L'amour nègre JM OlivierLe mot nègre figurant dans le titre du livre pourrait paraître un brin provocateur. Peut-être l'est-il, mais je ne le pense pas, sincèrement, même si ce qualificatif désuet, et aujourd'hui lourd de sens, peut au fond s'avérer vendeur... parce que tabou.

 

Pour en avoir fait mésusage et lui avoir finalement donné une connotation plus que péjorative, l'homme blanc est en effet totalement disqualifié pour employer ce mot, qui lui écorche maintenant les lèvres. Il en fait un véritable complexe et le considère comme un gros mot, qu'il refuse même d'entendre prononcer, fût-ce par ceux qu'il pourrait désigner ... 

 

Le narrateur du livre de Jean-Michel Olivier, publié aux Editions de Fallois/ L'Age d'Homme ici est justement un jeune noir, qui va revendiquer ce mot et tomber par moment dans l'autodérision quand il l'utilise pour parler de lui-même. Après tout, un célèbre et fin lettré, feu Léopold Sédar Senghor, naguère président du Sénégal et de surcroît Académicien français, ne parlait-il pas de négritude ? 

 

Au début de L'amour nègre, conte qui, par le ton et par le sujet, fait immanquablement penser au Candide de Voltaire, ce que ne manque pas de souligner la quatrième de couverture du livre, le héros, qui est heureux, et sera d'ailleurs "heureux partout", tout au long de l'histoire, en dépit des vicissitudes, s'appelle encore Moussa. Il a douze ans. Il habite un village d'Afrique. Il a un père et une ribambelle de mères :

 

"Dans mon village, les mères s'appellent les Reines. Elles sont libres et farouches. Elles ont souvent un mauvais caractère. Les hommes les vénèrent et les craignent. Ils doivent les honorer régulièrement. Les couvrir de cadeaux.
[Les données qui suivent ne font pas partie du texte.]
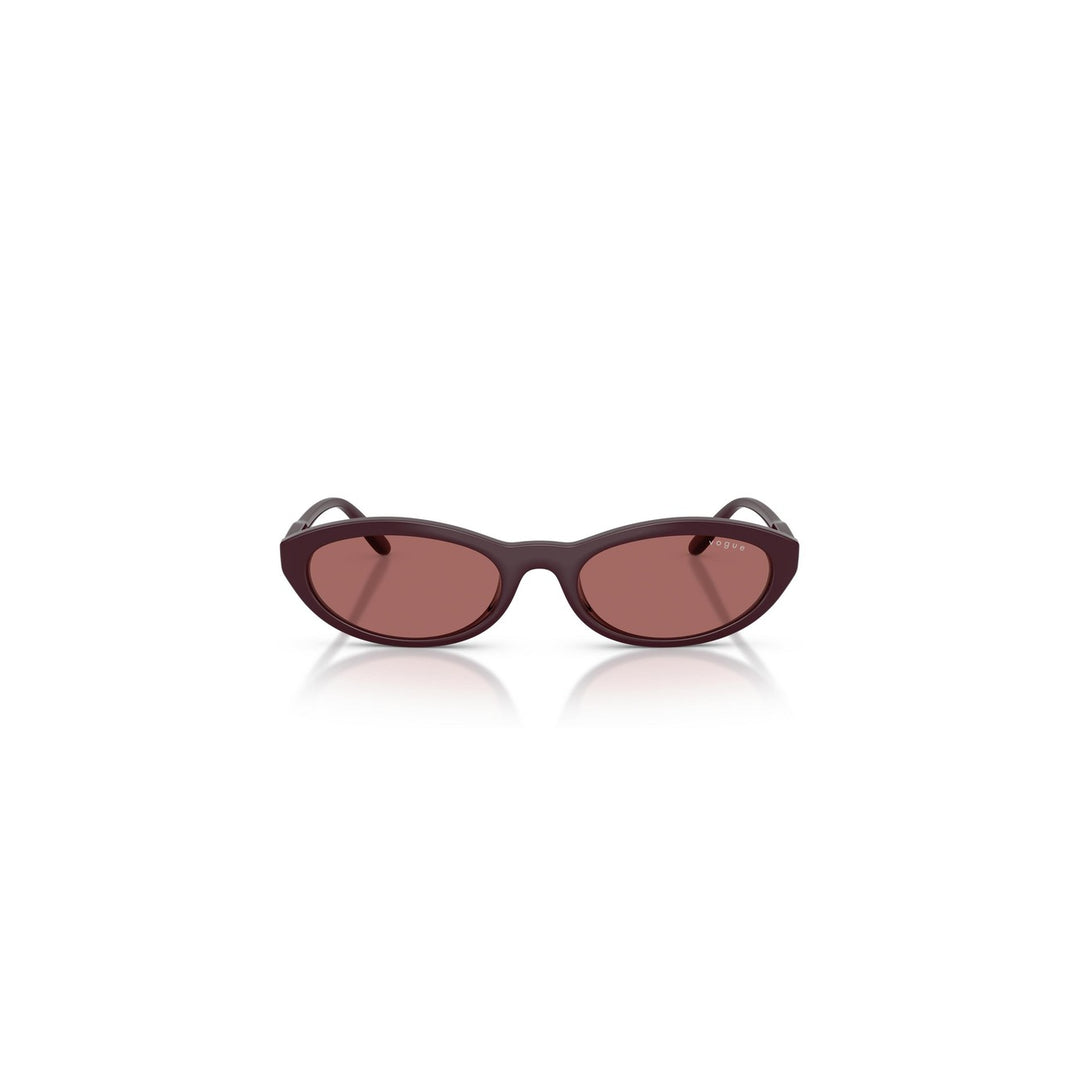 Vogue Eyewear Sunglasses in bordeaux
Combler tous leurs caprices."

 

Un couple d'étrangers américains en visite au village vante les mérites de l'écran plat qui est, en Amérique, un signe extérieur de richesse et de ... puissance. Le père de Moussa, qui est aussi le chef de la tribu, veut en posséder un, comme un chef ... Il échange donc ce fils, choisi parmi son innombrable progéniture, contre un écran plat [sic !].

 

Matt et Dolorès Hanes, tous deux acteurs de cinéma à Hollywood, adoptent Moussa, qui va se prénommer désormais Adam et va vivre avec ses nouveaux parents à Los Angeles, pardon à L.A., et connaître là-bas la vie factice menée par un petit monde plein aux as, qui boit, qui se drogue, qui baise, qui soigne son image, qui disparaît derrière cette image, qui ne peut pas vivre sans psy, qui est en fait malheureux comme les pierres, englué dans l'abondance matérielle.

 

Dolorès a-t-elle bon coeur ou a-t-elle mauvaise conscience ? Toujours est-il que lors de ses déplacements à travers le monde, elle ne peut s'empêcher d'adopter une ribambelle d'enfants qu'elle ramène à l'hacienda californienne au grand dam de Matt, qui n'en demande pas tant.

 

Quand lors d'une sauterie, dans tous les sens du terme, un invité, aidé de deux comparses, tente de violer sa soeur Ming, adoptée comme lui, et qui appelle au secours, le sang d'Adam ne fait qu'un tour. Il se saisit de sa machette, qu'il garde toujours à portée de main, et il tranche la main du type juchée sur sa soeur, main qui vient à tort de sortir un flingue de sous le lit.

 

Adam, qui est déjà bien monté pour son âge, pousse son bambou un peu trop loin. Il fricote avec sa soeur Ming et arrive à la mettre en cloque. C'en est trop. Matt et Dolorès expédient Ming dans une école helvétique, au bord d'un lac, quoi de plus banal, et se débarrassent de l'encombrant jeune homme. Ils le confient à leur vieil ami, et néanmoins acteur, Jack Malone, connu communément pour être "le" type aux capsules de café. Qui vit sur une île de l'Océanie, Sainte Alice, dont il est propriétaire.

 

Jack semble mener une vie paisible, d'ours mal léché, loin des paillettes du monde. Il montre à Adam, que, dans la vie, il est d'autres occupations que de passer sa journée à regarder la télé ou à faire des jeux vidéo sur une console. Ils écoutent ensemble le bruit des vagues. Ils regardent les poèmes dans le ciel. Jack conseille même à Adam la lecture, qui fait rêver, et notamment celle des écrivains suisses. Les Suisses ?

 

Ils parlent quelle langue ?

- Le hic, c'est qu'ils en parlent plusieurs...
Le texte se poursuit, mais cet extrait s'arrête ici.